Democrats aren’t coping well with their loss of power, having been partially dethroned during the last mid-terms. As happened during the Obama years, many on the left had once again convinced themselves a permanent majority was attainable, but just two years later, those hopes have been dashed, and now we stand on the precipice of a new GOP-led House of Representatives.

Nancy Pelosi’s replacement, Hakeem Jeffries, seems to be pretty wound up about it. He put out a tweet on Monday evening that sounds very insurrection-like.

There’s a lot to comment on here, not the least of which is the idea that Jeffries or anyone else should interfere in the seating of a man who was duly elected by his constituents. Should there be an ethics investigation into George Santos? Sure, that sounds like the right thing to do, but stopping the wheels of democracy from turning because he pulled a Joe Biden in fibbing about his past? That’s going too far at this point in time, and it’s not a standard the Democrats hold themselves to. Otherwise, Richard Blumenthal wouldn’t be in the US Senate. The right move is to seat Santos and go from there.

Regardless, Jeffries goes on to say Democrats must take back the House “immediately.” How does he plan to do that exactly? By what power structure could Democrats become the majority again before the next election? Bill Kristol, neoconservative turned left-wing cheerleader, has a theory that’s slightly less inflammatory, but contrary to the will of the people all the same.
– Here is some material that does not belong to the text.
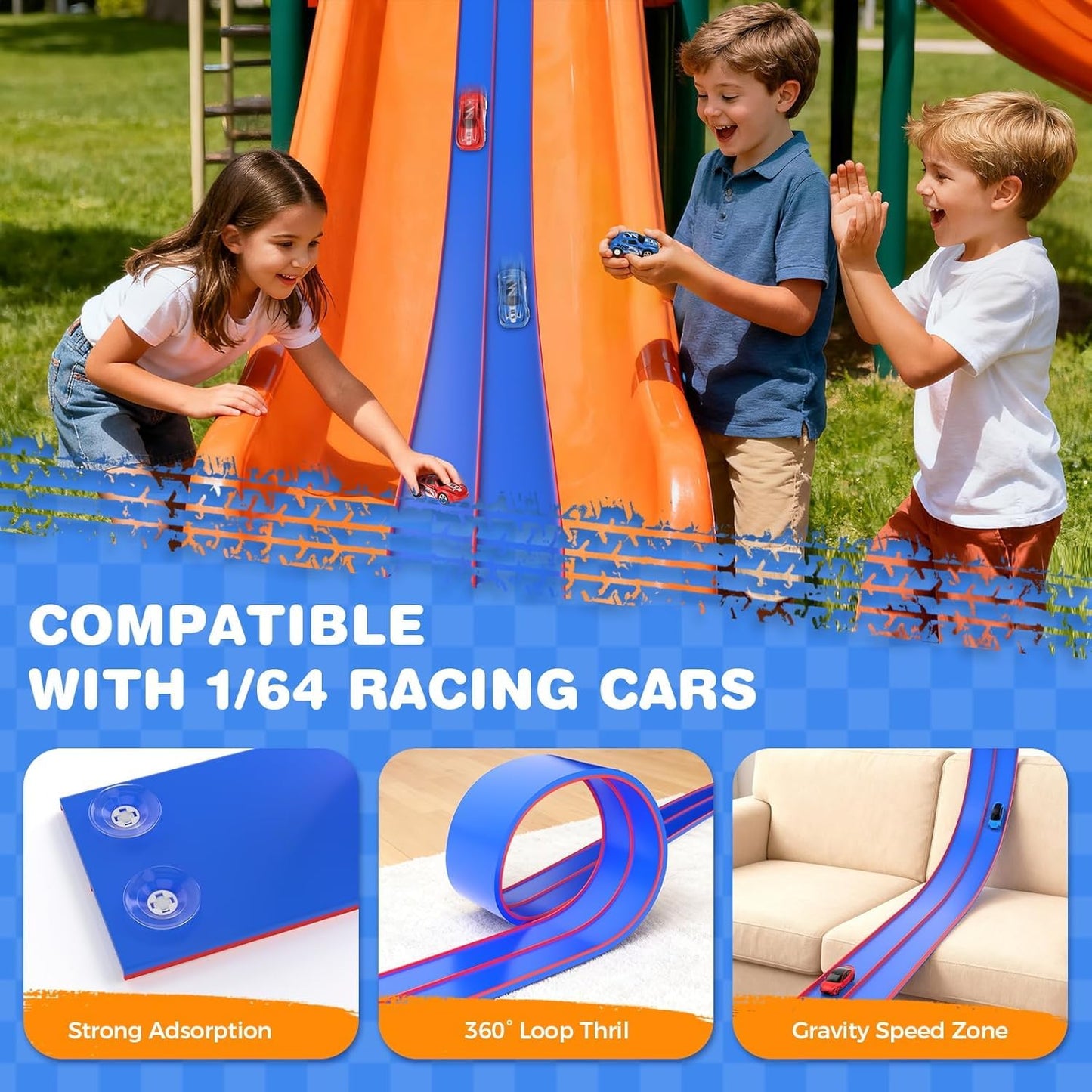 DKOXT 15 Ft Flexible Race Track for Kids, DIY Car Track Set with 2 Toy Cars & 3 Suction Cup Ramps, Easter Basket Stuffers for Teens & Boys Girls, Creative Easter Gifts for Kids, Blue & Red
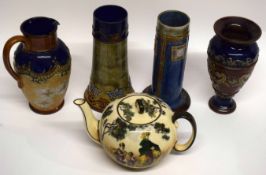 Group of mid-20th century Royal Doulton stonewares including a vase with a scrolling floral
You have to love that Kristol is simping for Jeffries, talking about election denial on the right when Jeffries himself is a prolific election denier, but I digress.

If you haven’t been paying attention, what’s being alluded to is the “unity candidate” hopium Democrats have been huffing in regard to losing control of the House. Unable to just accept they lost the election, the ploy is a desperate attempt to hang onto government power they didn’t earn, with the idea being that if Republicans can’t agree on a Speaker, enough moderates will join with the opposition to select some unnamed squish instead.

Is that going to happen? I highly, highly doubt it. Still, there is some danger if Republicans don’t figure out their leadership situation sooner rather than later. There are somewhere between 5-15 GOP House members saying they won’t vote for Kevin McCarthy, but it’s getting late for such games.

At this point, everyone needs to be asking themselves what is being gained by prolonging this battle. Republicans do not control the Senate or the White House. That makes any disagreement over policy and legislation rather irrelevant. McCarthy may or may not be a “RINO,” but the only real question is if he’ll allow the investigations Republicans have been demanding to take place. Marjorie Taylor Greene has bought into his promise to do so and has been publicly supporting him. There are still holdouts, though.

Personally, I’m all for fighting when there’s a battle to be won. I’m less enthused about seeing Republicans destroy their own majority for no good reason whatsoever. If the vast majority of the caucus wants McCarthy, even if he’s not preferable, then this internal feuding needs to stop. It’d be one thing if the GOP had the power necessary to pass legislation, but they don’t. This is the time to be strategic and to make hay while the sun is shining. Republicans can fight over leadership in 2024 after hopefully retaking the White House and Senate. That’s when it’ll actually matter.